-- Task requirements --
Could you retype the records word for word but without any pictures?

-- Exercise data --
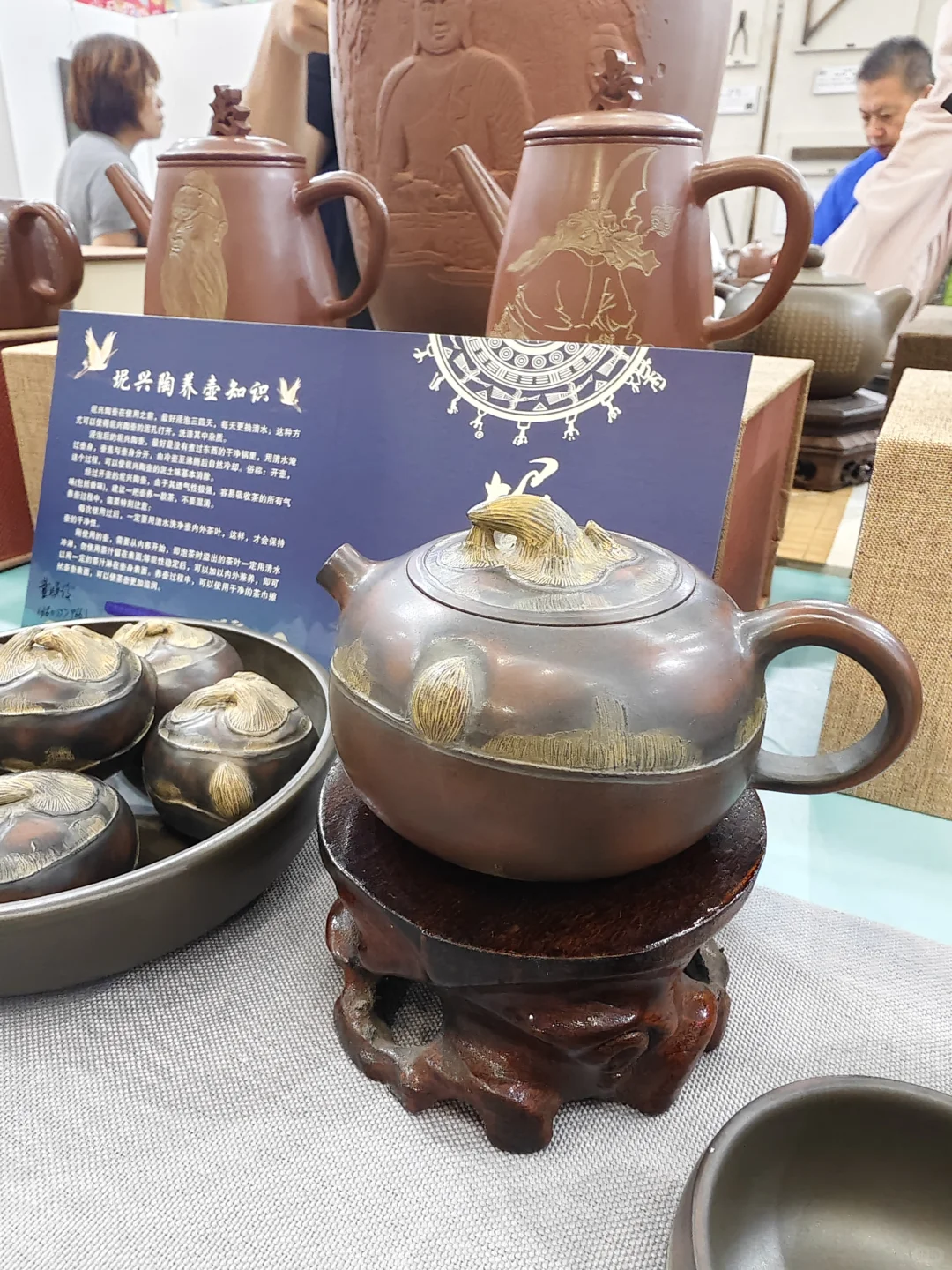 山西文博会：邂逅非遗与大师艺术魅力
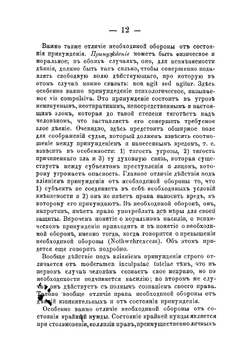 О праве необходимой обороны. Рассуждение студента Анатолия Кони | Кони Анатолий Федорович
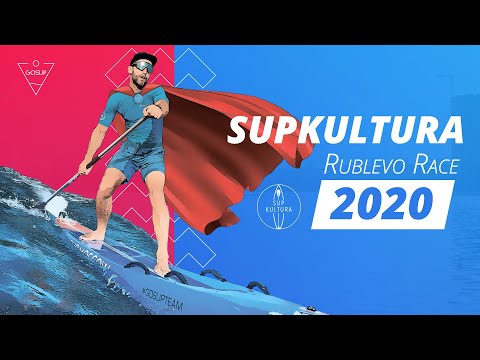 Видео: SUP KULTURA Rublevo Race 2020 / САП КУЛЬТУРА Рублево Рейс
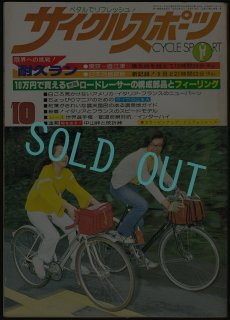 サイクルスポーツ CS-昭和の自転車雑誌,バックナンバー,八重洲出版-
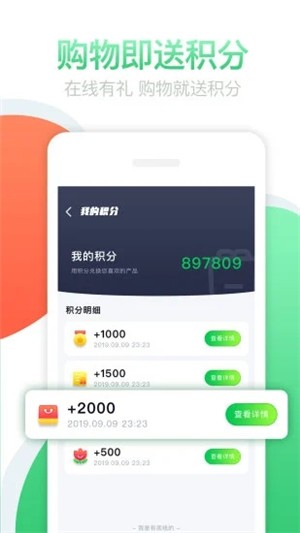 生活在线（手机购物）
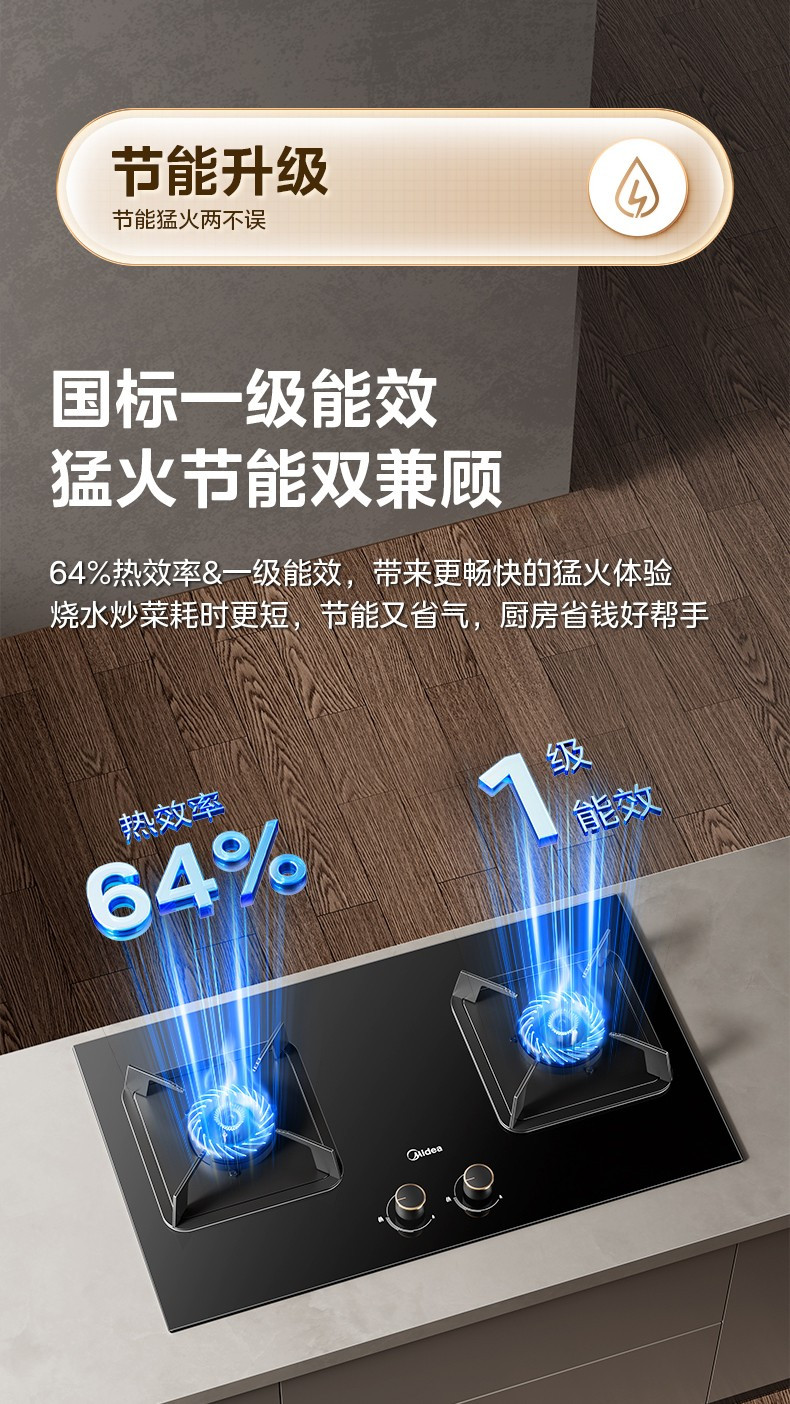 美的/MIDEA 家用嵌入式燃气灶Q310-M天然气灶煤气灶双灶5.0大火力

-- Result for this exercise --
 山西文博会：邂逅非遗与大师艺术魅力
 О праве необходимой обороны. Рассуждение студента Анатолия Кони | Кони Анатолий Федорович
 Видео: SUP KULTURA Rublevo Race 2020 / САП КУЛЬТУРА Рублево Рейс
 サイクルスポーツ CS-昭和の自転車雑誌,バックナンバー,八重洲出版-
 生活在线（手机购物）
 美的/MIDEA 家用嵌入式燃气灶Q310-M天然气灶煤气灶双灶5.0大火力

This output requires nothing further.